Of late, the wines of two producers, have been popping up consistently as a pleasure to devour, those of Thivin and Daniel Bouland, oh and Foillard.
Today we offer the 2016’s from Bouland + a special shipment of the 2015 Côte de Brouilly ‘Cuvée Mélanie’ named for his daughter. It’s fascinating to see the wines together and just how much difference a year makes to the harmony of the wine comparing the 2015 to the 2016’s. It’s a great insight into the progression of good Beaujolais. Bouland’s will surely be better with 3-5 years of age, but will undoubtedly last much longer.
My tips, go longer on the2015 Côte de Brouilly ‘Cuvée Mélanie’ and 2016 Daniel Bouland Morgon ‘Corcelette’.
About Daniel Bouland
Daniel Bouland makes some of the most old school and expressive wines in the whole of Beaujolais. Hand harvested from very old, organically-tended Gamay vines in the Morgon lieux-dits of Douby, Côte de Py and Delys, the Bouland wines are defiantly deep, dark, country-style reds with plenty of grip and overflowing with personality. These are wines that are built for the long hall, unlike so many of the region’s wines. Daniel himself recommends five years in bottle for the terroir to show the wine’s true sense of clarity and mineral nuance. From the best years, 15 years will not weary the Morgon cuvées. This is not to say they cannot be approachable as youngsters.
“This tiny wine grower of the hamlet of Corcelette (note the first name as there are numerous Boulands in the area!) has seduced us for a few years now with his concentrated and textured Morgons. The fruit weight in no way masks the almost wild minerality of the soil.

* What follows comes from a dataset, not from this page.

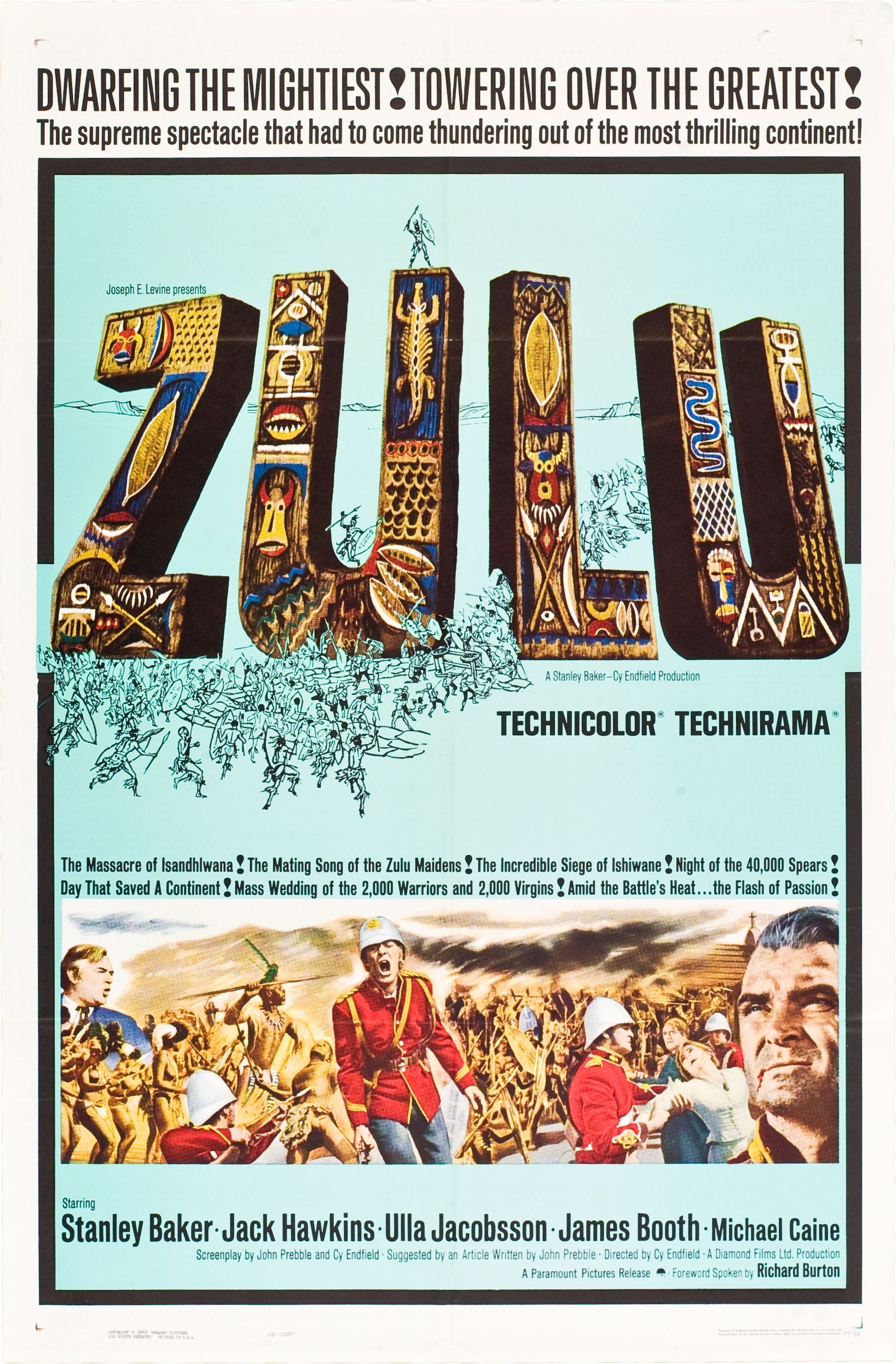 Mega Sized Movie Poster Image for Zulu (#4 of 8)
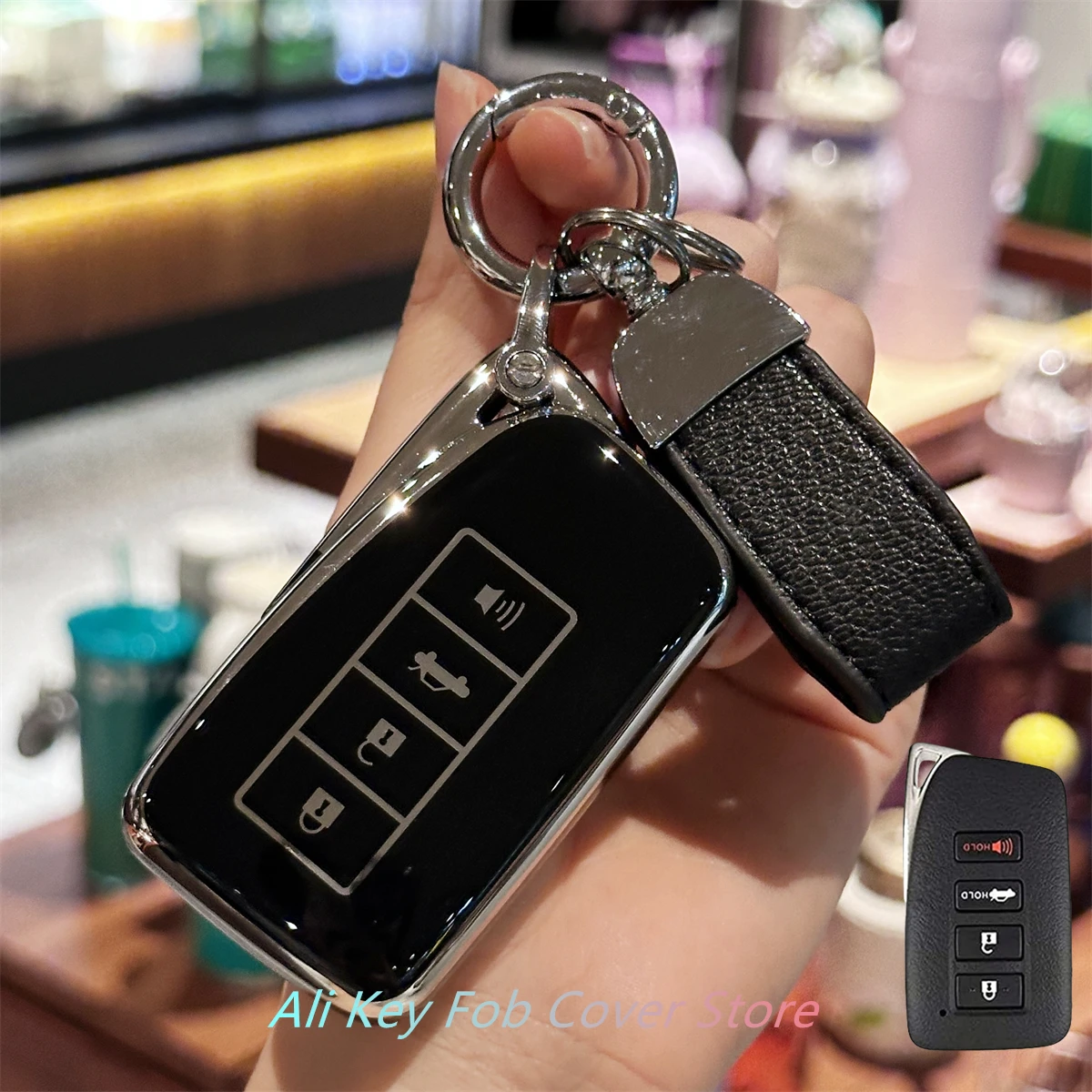 Key Fob Cover with Keychain Lanyard for Lexus RX is ES GS LS NX RS GX LX RC LC 2 3 4 Buttons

These wines have an intensity that can only come from old vines that are impeccably cultivated.” La Revue du Vin de France
Bouland portrays the artisanal Beaujolais vigneron in perhaps its purest form. He works alone in his vineyards where most of the material is gnarled, old goblet vines. His young parcels have been planted with selections massal from his older vineyards. Nothing is sweetened and nothing is taken away from the raw, visceral goodness of the juice. Hand-harvesting, very low yields, old wood, wild yeast fermentations, 100% whole bunch (open) ferments and non filtration, places him very much in the back-to-basics-dirt-under-the-fingernails camp. What we are left with is a serious glass of honest, handmade refreshment from a unique and respectful grower.
“Daniel Bouland is one of the best winemakers in Morgon. Perhaps his profile is not as high as the likes of Lapierre or Foillard, but I think his wines are on the same quality level. Check out his stunning Morgon Corcelette, one of the best examples you will find – his 2015 a must-have for any cellar. And his Morgon de Lys Vieilles Vignes, from vines as old as 90 years, has the complexity and nuance to rival many wines in the Côte d’Or but at a fraction of the price.” Neal Martin, The Wine Advocate
The Appelations
There are 3 classification in Beaujolais.
- Beaujolais – Generic Beaujolais. much of this goes into Beaujolais Nouveau.
- Beaujolais Village – The mid-Tier split between a portion of Beaujolais Nouveau and more serious wine released the following year.
- Beaujolais Cru – The best gear we like to play with. There are 10 Cru’s.
Daniel Bouland’s vineyards are in the Cru’s of Côte des Brouilly, Morgon, and, Chiroubles.
The 2016 Vintage
We’re extremely grateful that Daniel Bouland cannot add ‘clairvoyant’ to his list of talents. When we met Bouland at the cellars in 2016, a devastating bout of hail and frost had smashed his vines and a naturally downcast Bouland told us that the Domaine was expecting to reap a paltry 5-6 hl/ha of juice from his eight hectares of vines. This would have likely meant no allocation for Australia. Fortuitously, the hail and the frost had struck in April and May, before flowering, and the vines somehow bounced back to ‘bless’ the Domaine with some 25 hl/ha (in an ideal year his yields would sit songs 45 hl/ht). So finally we do have some wine to offer this year. Perhaps not enough to crack open the Egly-Ouriet, but some wine nevertheless!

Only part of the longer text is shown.